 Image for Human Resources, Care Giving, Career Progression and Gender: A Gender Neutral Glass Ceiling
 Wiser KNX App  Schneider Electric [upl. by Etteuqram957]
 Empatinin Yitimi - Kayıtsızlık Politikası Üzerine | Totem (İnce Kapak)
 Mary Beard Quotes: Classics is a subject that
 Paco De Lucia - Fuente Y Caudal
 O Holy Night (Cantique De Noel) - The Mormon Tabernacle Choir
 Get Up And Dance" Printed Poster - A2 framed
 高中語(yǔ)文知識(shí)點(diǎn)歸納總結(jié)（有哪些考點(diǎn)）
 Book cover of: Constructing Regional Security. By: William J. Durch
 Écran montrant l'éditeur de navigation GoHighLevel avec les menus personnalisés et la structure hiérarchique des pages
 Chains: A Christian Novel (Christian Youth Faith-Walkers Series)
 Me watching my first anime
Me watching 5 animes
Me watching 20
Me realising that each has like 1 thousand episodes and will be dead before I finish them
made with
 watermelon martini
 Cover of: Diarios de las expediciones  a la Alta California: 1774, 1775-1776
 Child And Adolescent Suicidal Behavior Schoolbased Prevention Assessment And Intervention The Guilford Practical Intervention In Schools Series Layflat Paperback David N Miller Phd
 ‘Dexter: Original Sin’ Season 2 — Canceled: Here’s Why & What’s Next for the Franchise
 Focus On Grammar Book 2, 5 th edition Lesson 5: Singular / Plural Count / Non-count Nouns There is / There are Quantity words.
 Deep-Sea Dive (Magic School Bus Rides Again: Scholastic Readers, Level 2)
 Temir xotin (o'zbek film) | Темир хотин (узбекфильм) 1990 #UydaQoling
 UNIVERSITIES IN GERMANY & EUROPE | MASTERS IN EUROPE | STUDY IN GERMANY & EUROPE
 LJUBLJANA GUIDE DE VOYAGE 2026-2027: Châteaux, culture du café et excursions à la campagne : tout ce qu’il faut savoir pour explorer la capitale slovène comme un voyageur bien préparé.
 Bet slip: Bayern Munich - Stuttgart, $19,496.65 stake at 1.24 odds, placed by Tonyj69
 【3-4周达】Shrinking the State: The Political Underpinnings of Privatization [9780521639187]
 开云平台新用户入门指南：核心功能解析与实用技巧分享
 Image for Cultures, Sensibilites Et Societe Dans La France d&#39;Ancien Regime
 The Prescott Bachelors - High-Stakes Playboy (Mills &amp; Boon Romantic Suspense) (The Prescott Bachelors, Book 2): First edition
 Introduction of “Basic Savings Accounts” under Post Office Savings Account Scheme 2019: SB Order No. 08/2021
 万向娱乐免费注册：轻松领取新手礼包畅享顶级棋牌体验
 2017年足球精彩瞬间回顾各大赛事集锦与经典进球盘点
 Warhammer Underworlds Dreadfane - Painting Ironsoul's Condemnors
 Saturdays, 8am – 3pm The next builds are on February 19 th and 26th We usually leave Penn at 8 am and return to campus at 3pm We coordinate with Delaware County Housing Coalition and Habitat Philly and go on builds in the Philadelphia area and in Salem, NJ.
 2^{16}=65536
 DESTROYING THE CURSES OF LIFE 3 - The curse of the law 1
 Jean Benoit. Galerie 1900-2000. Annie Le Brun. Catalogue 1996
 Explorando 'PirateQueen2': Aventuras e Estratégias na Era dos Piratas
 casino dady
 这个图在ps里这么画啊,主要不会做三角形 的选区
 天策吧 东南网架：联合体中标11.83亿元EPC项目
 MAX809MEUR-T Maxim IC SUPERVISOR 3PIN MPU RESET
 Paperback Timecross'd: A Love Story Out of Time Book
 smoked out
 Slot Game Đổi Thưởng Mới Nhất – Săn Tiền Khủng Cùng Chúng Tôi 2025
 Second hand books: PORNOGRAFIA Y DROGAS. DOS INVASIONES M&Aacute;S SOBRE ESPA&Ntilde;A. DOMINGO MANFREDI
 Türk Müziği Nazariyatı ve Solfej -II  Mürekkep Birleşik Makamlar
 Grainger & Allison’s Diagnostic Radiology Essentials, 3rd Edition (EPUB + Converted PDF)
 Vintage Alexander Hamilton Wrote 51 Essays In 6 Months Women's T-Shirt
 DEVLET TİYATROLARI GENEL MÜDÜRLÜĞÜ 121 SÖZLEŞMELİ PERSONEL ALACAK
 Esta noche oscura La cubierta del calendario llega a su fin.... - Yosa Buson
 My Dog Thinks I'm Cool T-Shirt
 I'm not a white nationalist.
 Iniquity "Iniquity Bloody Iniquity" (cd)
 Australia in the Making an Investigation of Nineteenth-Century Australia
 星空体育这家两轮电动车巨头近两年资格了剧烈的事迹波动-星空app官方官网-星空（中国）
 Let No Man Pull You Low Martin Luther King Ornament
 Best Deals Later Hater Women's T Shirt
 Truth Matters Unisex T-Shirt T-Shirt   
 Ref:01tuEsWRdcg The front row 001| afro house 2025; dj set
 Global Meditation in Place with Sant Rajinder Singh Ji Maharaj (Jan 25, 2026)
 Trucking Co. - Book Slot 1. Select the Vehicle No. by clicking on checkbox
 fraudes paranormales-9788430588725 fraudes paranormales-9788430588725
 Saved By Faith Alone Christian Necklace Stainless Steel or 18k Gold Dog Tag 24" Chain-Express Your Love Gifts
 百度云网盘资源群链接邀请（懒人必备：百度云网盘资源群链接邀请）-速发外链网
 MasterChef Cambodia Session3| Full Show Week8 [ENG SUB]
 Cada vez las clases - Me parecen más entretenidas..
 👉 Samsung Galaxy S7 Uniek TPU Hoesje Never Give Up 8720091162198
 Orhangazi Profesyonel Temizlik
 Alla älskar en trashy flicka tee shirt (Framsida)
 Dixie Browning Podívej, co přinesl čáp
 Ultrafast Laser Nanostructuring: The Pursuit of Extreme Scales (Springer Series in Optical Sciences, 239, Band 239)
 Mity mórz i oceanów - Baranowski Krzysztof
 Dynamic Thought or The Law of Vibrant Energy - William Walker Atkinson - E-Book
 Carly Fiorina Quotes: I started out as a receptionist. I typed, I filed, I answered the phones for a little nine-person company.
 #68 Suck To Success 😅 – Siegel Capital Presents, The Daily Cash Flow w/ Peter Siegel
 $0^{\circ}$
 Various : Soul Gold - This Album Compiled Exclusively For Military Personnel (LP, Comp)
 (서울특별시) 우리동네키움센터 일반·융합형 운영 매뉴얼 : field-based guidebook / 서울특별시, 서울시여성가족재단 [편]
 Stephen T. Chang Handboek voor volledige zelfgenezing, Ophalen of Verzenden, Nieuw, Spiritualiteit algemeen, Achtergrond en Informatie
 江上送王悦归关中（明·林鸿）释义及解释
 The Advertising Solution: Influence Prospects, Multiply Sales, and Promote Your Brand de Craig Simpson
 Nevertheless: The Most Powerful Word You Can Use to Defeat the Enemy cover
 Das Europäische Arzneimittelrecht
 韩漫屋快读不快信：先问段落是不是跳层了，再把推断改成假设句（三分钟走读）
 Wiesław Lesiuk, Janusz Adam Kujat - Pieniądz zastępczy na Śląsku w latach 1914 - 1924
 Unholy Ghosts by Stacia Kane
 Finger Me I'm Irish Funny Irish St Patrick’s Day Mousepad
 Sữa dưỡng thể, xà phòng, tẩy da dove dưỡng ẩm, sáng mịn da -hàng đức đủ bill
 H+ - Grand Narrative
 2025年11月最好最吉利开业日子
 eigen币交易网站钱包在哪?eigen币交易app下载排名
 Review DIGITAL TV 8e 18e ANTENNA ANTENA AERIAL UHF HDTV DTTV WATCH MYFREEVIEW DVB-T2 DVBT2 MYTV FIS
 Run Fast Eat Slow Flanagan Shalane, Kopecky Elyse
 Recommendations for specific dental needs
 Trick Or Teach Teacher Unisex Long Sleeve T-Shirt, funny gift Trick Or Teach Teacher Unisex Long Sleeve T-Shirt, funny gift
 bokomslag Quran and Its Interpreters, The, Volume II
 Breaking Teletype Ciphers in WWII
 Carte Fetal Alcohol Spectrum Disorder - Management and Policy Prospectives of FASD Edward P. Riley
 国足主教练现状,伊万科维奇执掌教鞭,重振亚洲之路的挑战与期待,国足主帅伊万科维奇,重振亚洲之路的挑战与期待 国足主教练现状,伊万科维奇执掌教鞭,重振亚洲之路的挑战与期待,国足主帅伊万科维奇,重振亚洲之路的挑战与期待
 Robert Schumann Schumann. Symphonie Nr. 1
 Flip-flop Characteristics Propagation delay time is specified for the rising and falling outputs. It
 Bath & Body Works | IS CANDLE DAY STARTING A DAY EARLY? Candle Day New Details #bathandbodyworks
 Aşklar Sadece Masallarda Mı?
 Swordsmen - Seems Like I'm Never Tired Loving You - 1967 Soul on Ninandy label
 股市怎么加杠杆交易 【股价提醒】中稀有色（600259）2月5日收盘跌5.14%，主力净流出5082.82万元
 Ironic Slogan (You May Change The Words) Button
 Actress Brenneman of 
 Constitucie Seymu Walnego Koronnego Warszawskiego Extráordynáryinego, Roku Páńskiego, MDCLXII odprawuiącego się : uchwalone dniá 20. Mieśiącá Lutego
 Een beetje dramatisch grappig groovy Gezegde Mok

* * *

# Your objective
Report how many lines of the listing carry the word "Quotes", and add nothing.

# Exercise result
2